Trekking from Springfield Mall to Franconia StationWe were stunned to see a long line of cars already jamming the entrance to the metro station by the time we turned the corner from the hotel. Instead of trying to park in the station parking lot, we pulled a U-turn and parked at Springfield Mall, and walked the few blocks to the station. Just like several hundred other people we saw at the time.

When we got to the top of the stairs at the station, we encountered our first breathtaking mass of people, left. At least by walking to the station, we managed to get into the line much closer to the actual metro. Not like the people who had to try to cross the sky bridge. It was jammed with people the entire way across, right.

At Franconia Station waiting to get inSkybridge from Franconia Station parking deck

The line moved surprisingly quickly and we lost a lot of people who hadn’t bought their tickets before the actual day. We even managed to get seats when the train came. Our plan was to ride to L’Enfant Plaza, head to the hotel for a bio break (Phoebe had heard about some math involving the ratio of people to Porta-Potties that was scary!) and then hoof it to the Blue Gate a few blocks away. It took a lot longer to move from station to station than we had expected. The time seemed to be flying away as the starting time got closer, and we were still on the metro. Finally, the cars emptied out as we got into the District, and we made it to L’Enfant Plaza. The shortest line of the day was the one at the restroom in “L’Enfant Plaza – only four people ahead of us. Amazing!

The line for the Blue Gate was, sadly, somewhat longer. Since I’ve told the story of Heartbreak at the Blue Gate in another post, I will skip ahead to the end of the ceremony and the beginning of our attempt to get back to our hotel in Springfield, Virginia. The estimated 1.8 million people who had collected on the Mall got there over a period of several hours. In contrast, almost all of them wanted to leave within a few minutes of each other. The crowds we had seen that morning were tiny by comparison to the crowds afterward. Knowing that the system would be jammed, we made our way slowly off the grounds. We went by the Blue Gate to see what it looked like from the inside (so sad…).

Security screening stations at the Blue Gate; they were NOT working before the ceremony

This is where we were when they closed the gates. Arg...........
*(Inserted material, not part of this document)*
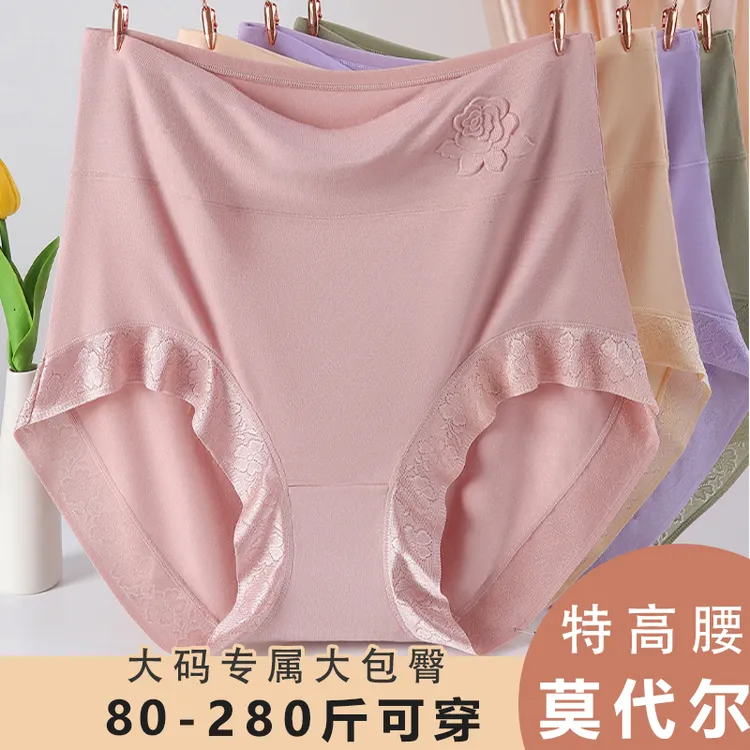 大码高腰内裤女款200斤莫代尔蕾丝短裤中年妈妈舒适大弹力三角裤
We sat for a while and watched as thousands of people walked by. And then we started to make our way toward L’Enfant Plaza metro station. The first bulge we met was a few blocks from the Federal Center station. We heard that it was closed. There was no way to confirm many of the things we heard during the day, but certainly the large number of people who had been moving in the direction of Federal Center stopped moving. We made our way to the edge of the crowd and tried to head south to get as far away from the Mall as we could and then head west toward L’Enfant plaza. The strategy seemed to be working, as the crowd had thinned slightly (left). But as we turned the corner leading to L’Enfant Plaza, we were amazed to see the steps to the plaza completely jammed with people (right).

Crowd at HUD leaving the Inauguration Amazing mass of people waiting to get into L'Enfant Plaza metro station

In yet another example of the spirit of the day, there was little movement in the crowd, no pushing and shoving, people just there waiting to file into the metro station.

Thousands of people, one police officerThere was one police (or security) officer on the deck who was trying to keep people informed of what was going on, and telling stories to the crowd – “I’ve lived here 15 years and I’ve never seen anything this amazing…” What a human way to keep everyone connected and caring.

At this point, however, it was clear to Phoebe and me that the Metro was not going to be the way to go for quite some time. How then, to get out of the District? We walked!